Claire n’était pas intrépide. Si elle avait découvert les raccourcis, c’est qu’elle avait suivi les autres. Pourtant, fascinée, elle leva la main. Cela pouvait-il être une projection ?
Ou un hologramme, comme au concert où je n’ai pas eu le droit d’aller ?
Cela avait causé pas mal de bouderies, à la maison, quand ses parents avaient refusé qu’elle assiste avec sa bande d’amies au concert de leur artiste préféré. Ils avaient argué qu’elle était trop jeune pour se rendre seule à ce genre de spectacle, et aucune supplication n’avait pu les faire changer d’avis. Des semaines plus tard, elle se rappelait encore avec amertume de l’enthousiasme de ses camarades, qui lui avaient raconté avec force détails l’ambiance et les prouesses techniques du show dont elle avait été privée.
Mais qu’aurait fait un hologramme ici ?
Encore une fois, elle jeta un coup d’œil autour d’elle. Nulle trace d’un projecteur, ou de quelque chose d’approchant, parmi les poussettes repliées le long des escaliers, ni parmi les piles de cartons détrempés, alignés au pied des murs lépreux.

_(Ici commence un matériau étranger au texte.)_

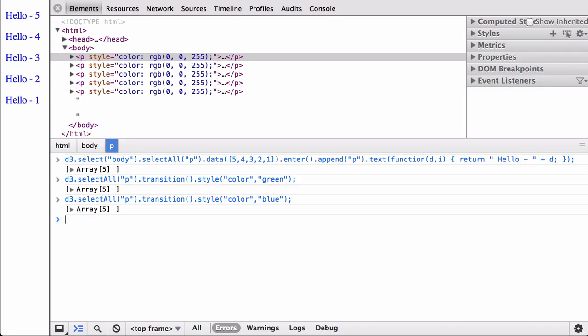Value interpolation over time. Let's go back to our example and slow down time. Each paragraph has a style attribute with a color value — the RGB code for blue, where the first number for red is 0, the second number for green is 0, and the third number for blue is 255. When we tell D3 to transition the style to red, we expect the first number to go to 255 and the last number to go to zero. Let's watch what happens when we tell D3 to make a transition that takes 10 seconds — slowly the blue number goes to zero and the red number goes to 255.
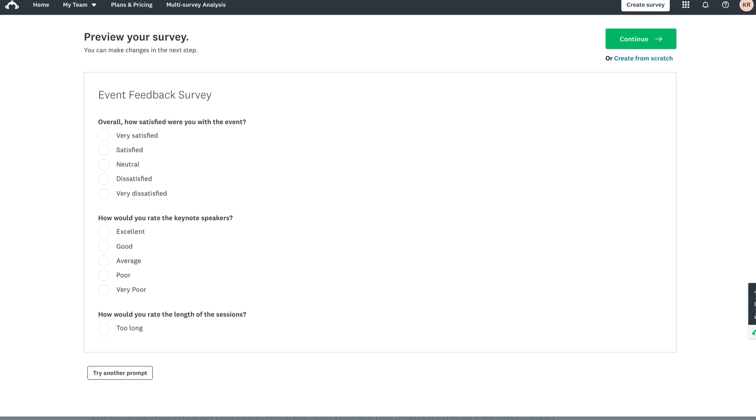Usually takes a few seconds but it can take up to a couple of minutes depending on the survey complexity. Then here it is, your survey is created.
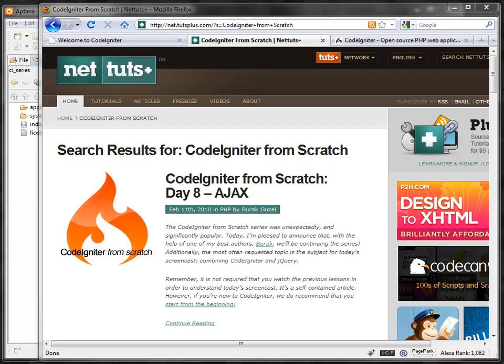Hello everyone, this is Burak Güzel and welcome to CodeIgniter from scratch, day number nine. Today we're going to cover two subjects: file uploading and image manipulation. We're going to build a simple image gallery where we have thumbnails of images and an upload form to upload our images.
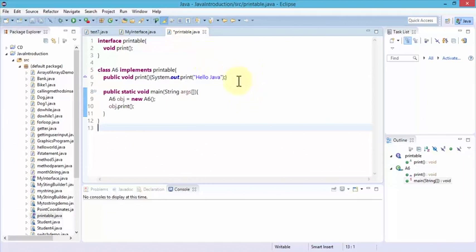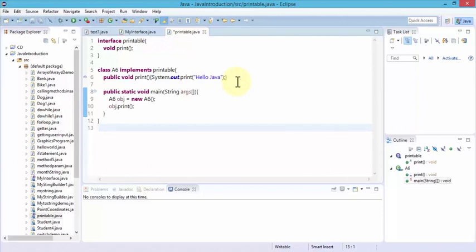We created the Printable interface with one method and provided its implementation in class A6. Keep in mind that an interface differs from a class in several ways: you cannot instantiate an interface; it has no constructors; all methods are abstract; it cannot contain instance fields — only static and final fields; a class implements rather than extends an interface; and an interface can only extend multiple interfaces.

Alors qu’elle approchait la main, elle entendit un bruit de pas précipités résonner dans le couloir, derrière elle. Elle sursauta, et ses doigts touchèrent la surface qui n’en était pas une, sans autre sensation qu’un froid intense. Au même moment, elle vit les silhouettes dans l’image se précipiter vers elle.
Un picotis glacial la traversa, alors qu’elle se sentait brusquement tirée vers l’avant sans pouvoir résister. Elle trébucha et se retrouva de l’autre côté. Nez à nez avec les canons d’une demi-douzaine d’armes braquées sur elle.